Steve Phillips is the new director of equity research for a brokerage company. He receives a call from a reporter at the Financial News, a weekly publication that comes out on Mondays. The reporter explains the relationship she had with his predecessor. They would share information that they both learned on stocks—the former director would benefit the company’s clients by news he obtained from the reporter in exchange for information he gave to her. The former director could ask her not to publish any information he gave her until after a certain date, ensuring that the brokerage clients would be informed before the publication date. After the conversation, Phillips called the former director, who confirmed that the reporter was trustworthy with respect to honoring the agreement for delaying publication until clients have been informed. Philips should: A) disclose research not yet disclosed to clients, as long as the reporter promises not to publish the information until after all clients have received the research, and the reporter provides valuable information of her own. B) disclose only research that he is sure will be disseminated to clients before the next publication date of the Financial News in exchange for the reporter providing valuable information of her own. C) only disclose research that has already been disseminated to clients, as long as the reporter is providing valuable information of her own. D) not disclose any research even after it has been disseminated to clients regardless of the value of the information that the reporter may have.

d

Answer is Choice C C) only disclose research that has already been disseminated to clients, as long as the reporter is providing valuable information of her own. Reasoning: Information released to the reporter will not contradict what the public already knows, and the manager is getting more information as a result. Given the manager has confirmed the reporter is reliable, this is the only choice here that makes sense.

C??

I would pick C. The research info that has been disseminated to clients is no longer material nonpublic information.

I would pick D. In C, I don’t see a problem in disclosing the information to reporter. But the question on worthy ness of information provided by reporter.

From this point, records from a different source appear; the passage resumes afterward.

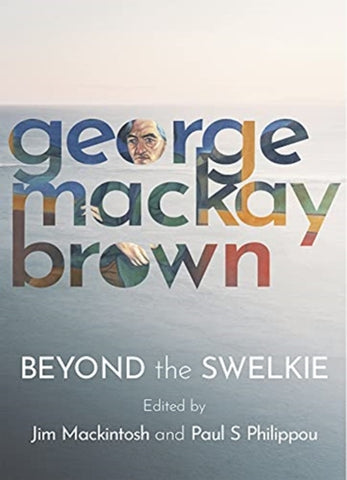 Beyond the Swelkie by George Mackay Brown. Book cover has a photograph of a calm sea with an illustration of the author superimposed onto his name.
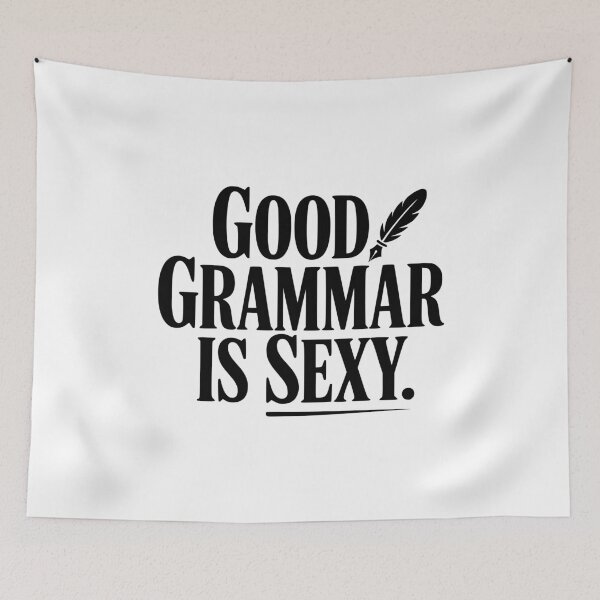 Item preview, Good Grammar Is Sexy designed and sold by Frank Ring.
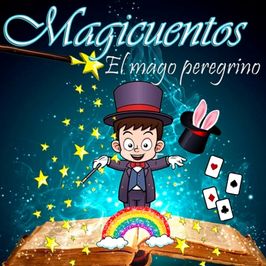 Magicuentos: el mago peregrino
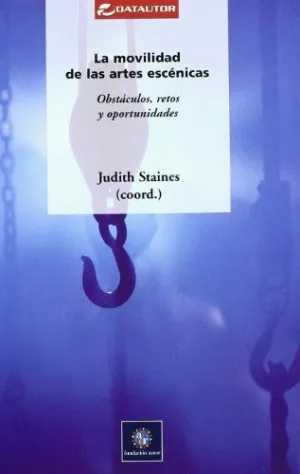 LA MOVILIDAD DE LAS ARTES ESCENICAS: OBSTÁCULOS, RETOS Y OPORTUNIDADES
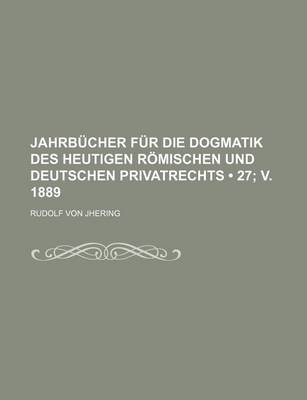 Book cover for Jahrb Cher Fur Die Dogmatik Des Heutigen R Mischen Und Deutschen Privatrechts (27; V. 1889)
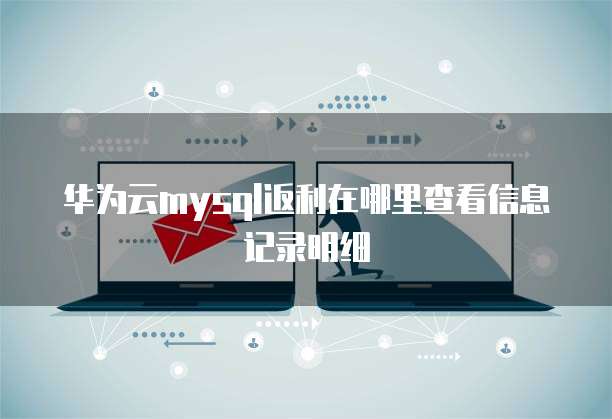 华为云mysql返利在哪里查看信息记录明细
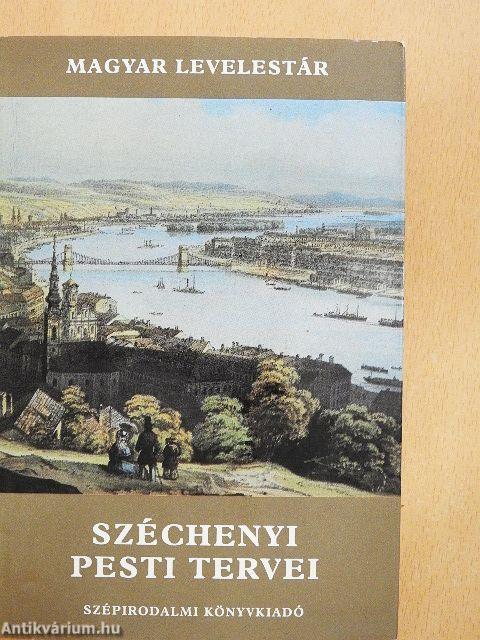 Széchenyi pesti tervei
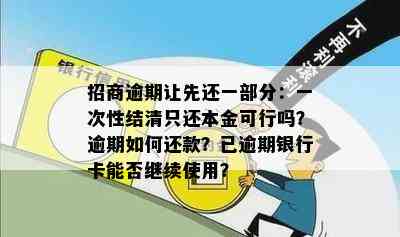 招商逾期让先还一部分：一次性结清只还本金可行吗？逾期如何还款？已逾期银行卡能否继续使用？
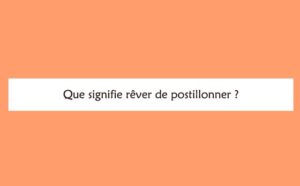 Interprétation détaillée d'un rêve de postillonner :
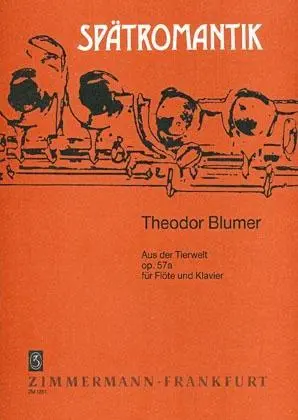 Cover: 9790010128108 | Aus der Tierwelt op. 57a | op. 57a. Flöte und Klavier. | Blumer | Buch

i picked d. Why should the reporter get free research info without paying for it like the clients?

C

I think C is wrong because Phillips must dissociate, or separate, from the reporter who violated the standards.

whats the answer then?

TokyoBBB Wrote: ------------------------------------------------------- > i picked d. > > Why should the reporter get free research info > without paying for it like the clients? well the reporter is paying, not in dollars though

I agree with reema, the reporter is receiving a premium service, just like paying clients receive. At the same time, phillips is respecting the fair dealing and material non public information sections of the standard. Answer should definitely be C.